For much of Terrorhawk, Bear vs. Shark delivers the melodic post-hardcore goods like a woollier At the Drive-In, but the five-piece taps into the same ragged passion that made the Constantines' Shine a Light so urgent. All these bands make music that moves. "5,6 Kids" is the sound of perpetual motion, with a cyclical guitar riff, polyrhythmic drum pattern and throbbing bass each searching for its own way to break free. When they all lock in on the thrilling chorus, Paffi wailing at the upper limit of his range, it's clear that they've found release.
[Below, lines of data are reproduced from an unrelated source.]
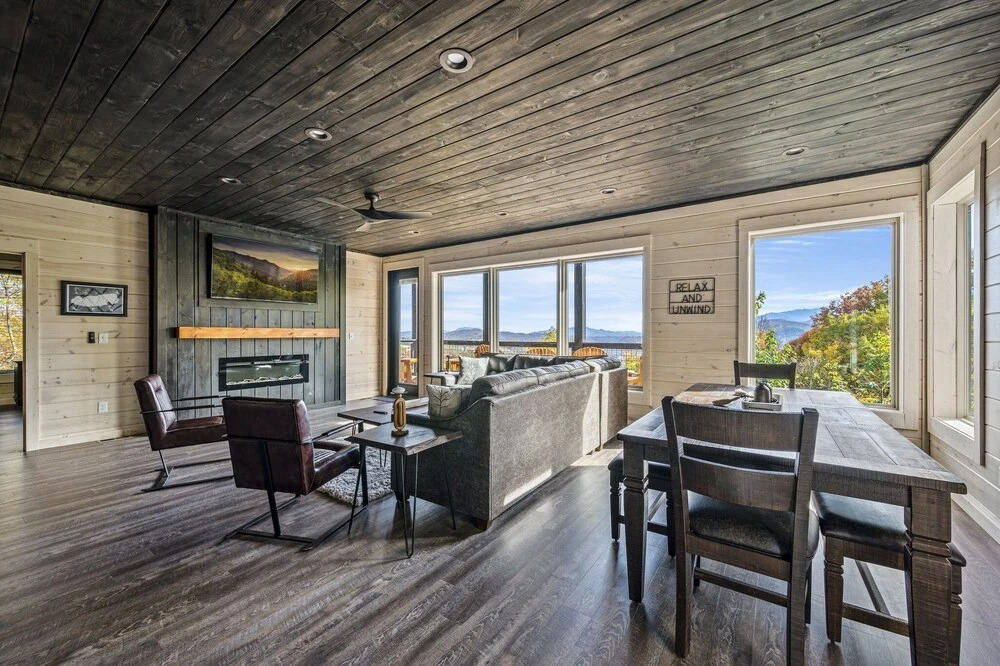 Ski Mountain Swim 3 Bedroom Home by Redawning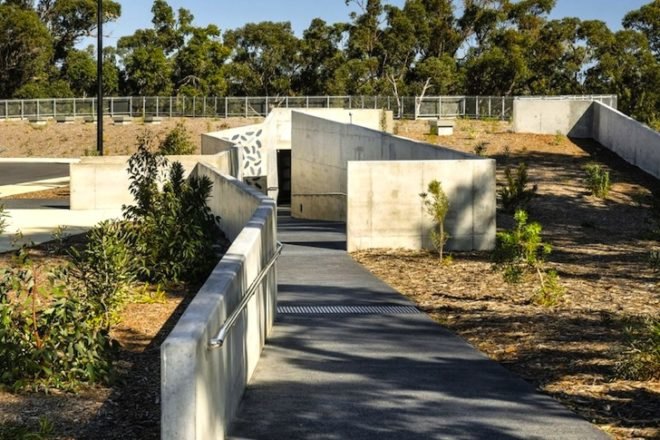 King's Park, Perth, sustainability center, Botanic and Garden's Authority, Australia, green roof, solar power, double glazing, LED lighting, green design, sustainable design, eco-design, environmental education,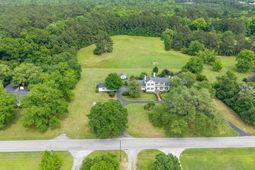 2729 Camden Road photo 4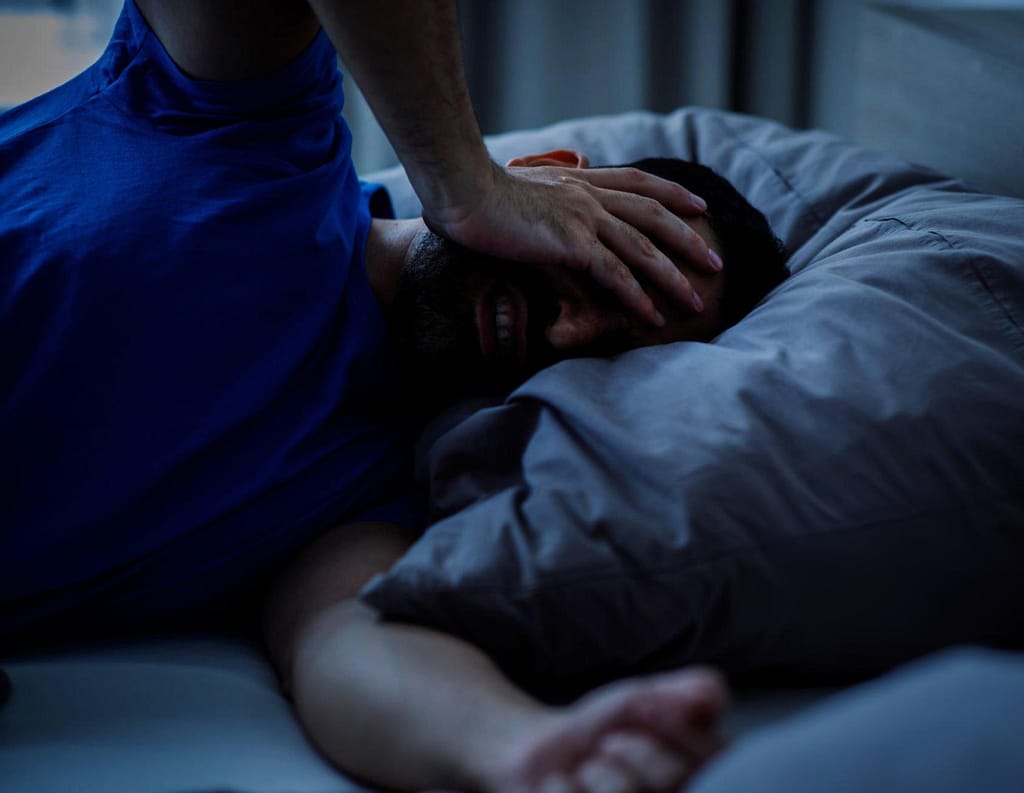 alt=how lack of sleep affects the brain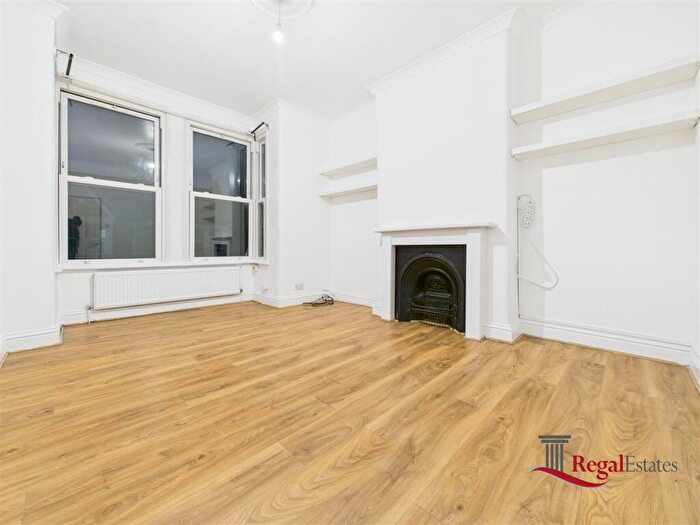 3 Bedroom Flat To Rent In Fairlight Avenue, London, NW10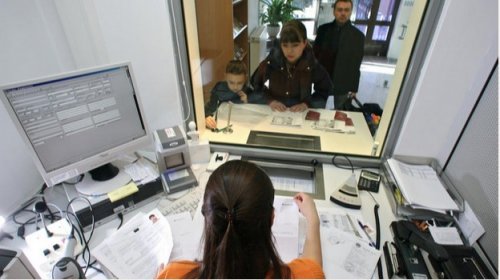 США и страны Европы упрощают выдачу виз российским туристам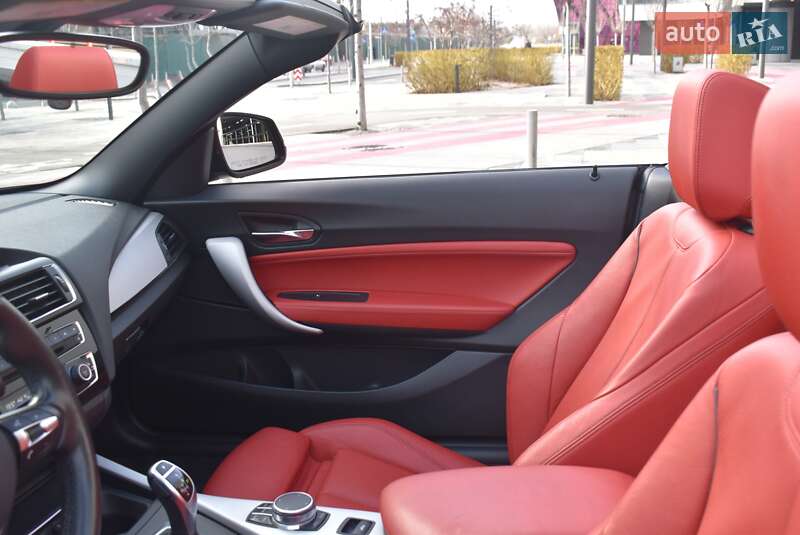 Кабриолет BMW 2 Series 2017 в Киеве фото 18 Кабриолет BMW 2 Series 2017 в Киеве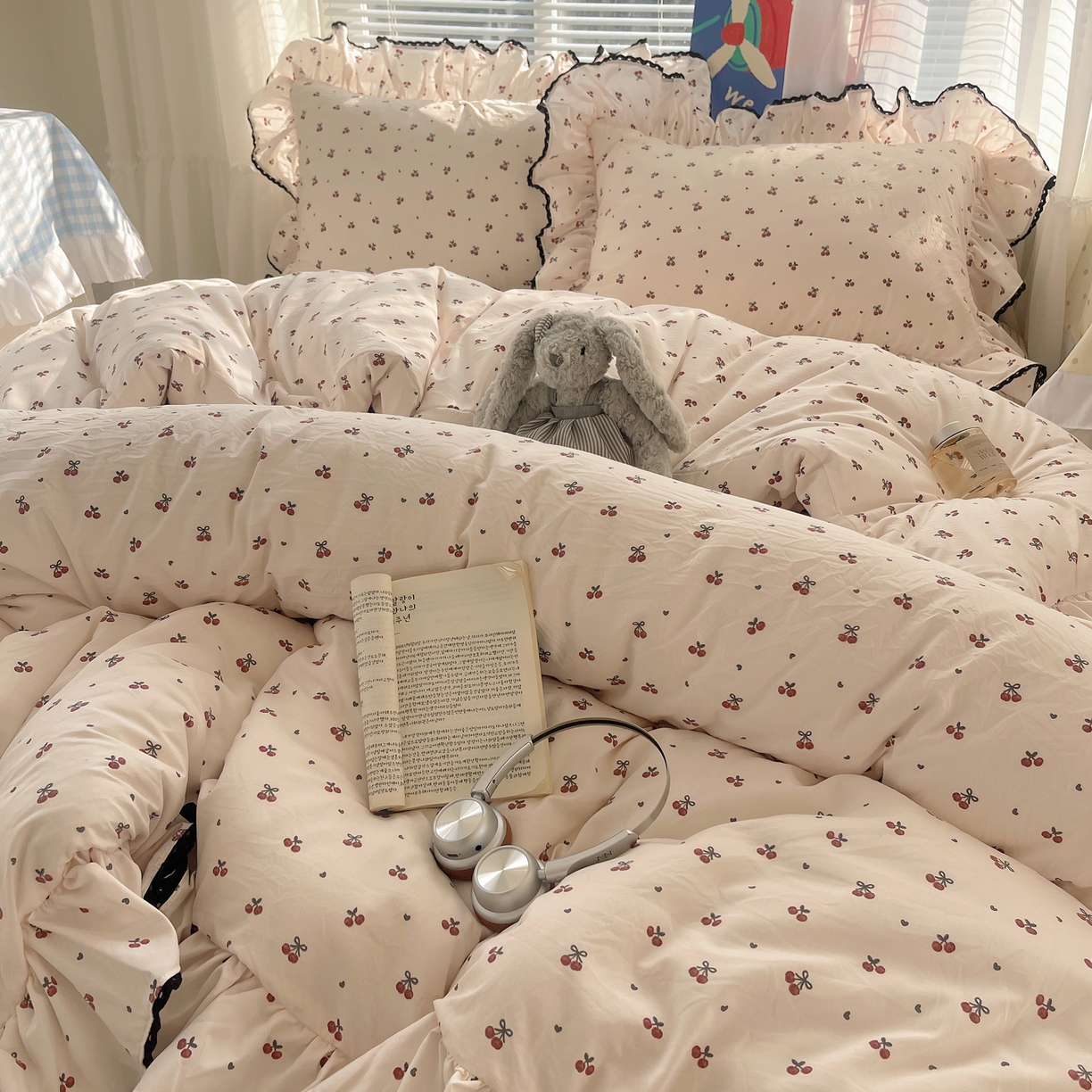 91家纺网 家纺一手货源 找家纺 三朵家纺 2026新款云柔水洗棉大花边A类韩版四件套 俏皮樱桃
Even if there's nothing here as kinetic as "Ma Jolie" from the band's debut, Bear vs. Shark moves in some exciting new directions on Terrorhawk. The band expands its attack to include pianos, electronic interludes and even brass -- former Morphine saxophonist Dana Colley summons the spirit of Albert Ayler over a powerful four-chord vamp at the end of "Baraga Embankment. With the stunning "Song About Old Roller Coaster," Bear vs. Shark perfects the art of the waltz-time power ballad. Take that, Nickelback.
Though they could get by on their blistering passion, the guys in Bear vs. Shark are smart enough to know that a pastoral melody or gruffly delivered hook can be just as potent as a scream. On Terrorhawk, we get all of the above. This is a band to watch.